WHAT YOU HAVE TO DO:
When you come to a picture, pass over it, and set down the entries below exactly.
※
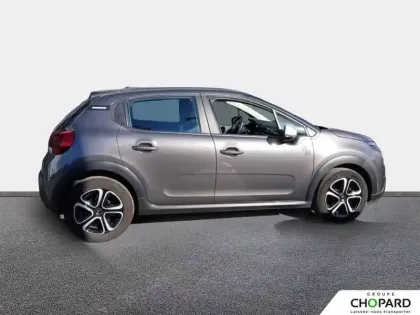 Photo 45 Citroën C3  PureTech 83 ch BVM5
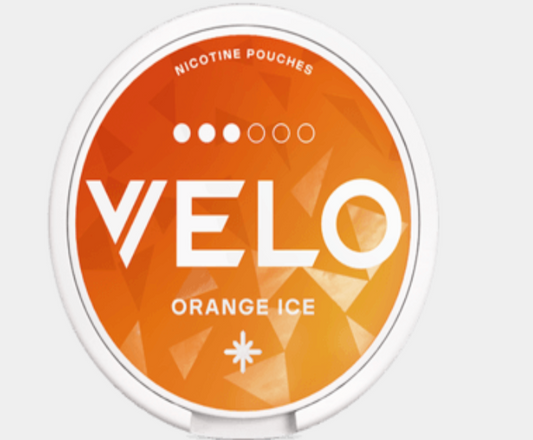 Velo Orange Ice 10mg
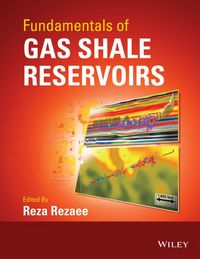 Produktbild: Fundamentals of Gas Shale Reservoirs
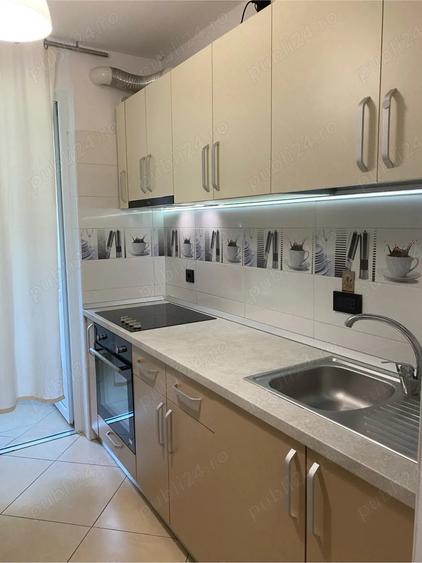 apartament 2 camere - 5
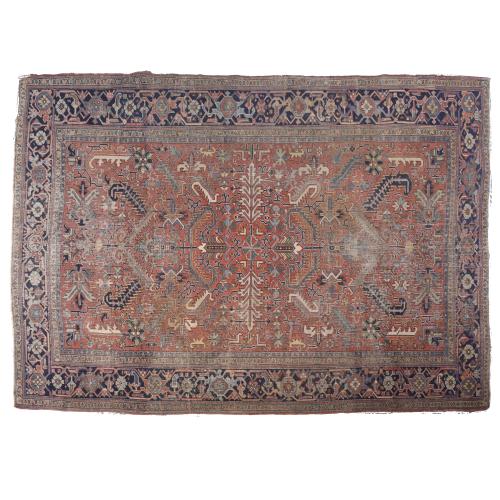 IRANIAN CARPET, 20TH CENTURY.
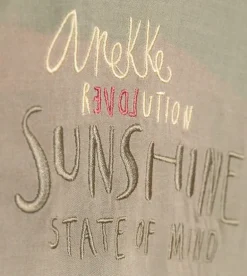 Fashion Anekke Vestido Camisero Sunshine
※
WRITTEN ANSWER:
 Photo 45 Citroën C3  PureTech 83 ch BVM5
 Velo Orange Ice 10mg
 Produktbild: Fundamentals of Gas Shale Reservoirs
 apartament 2 camere - 5
 IRANIAN CARPET, 20TH CENTURY.
 Fashion Anekke Vestido Camisero Sunshine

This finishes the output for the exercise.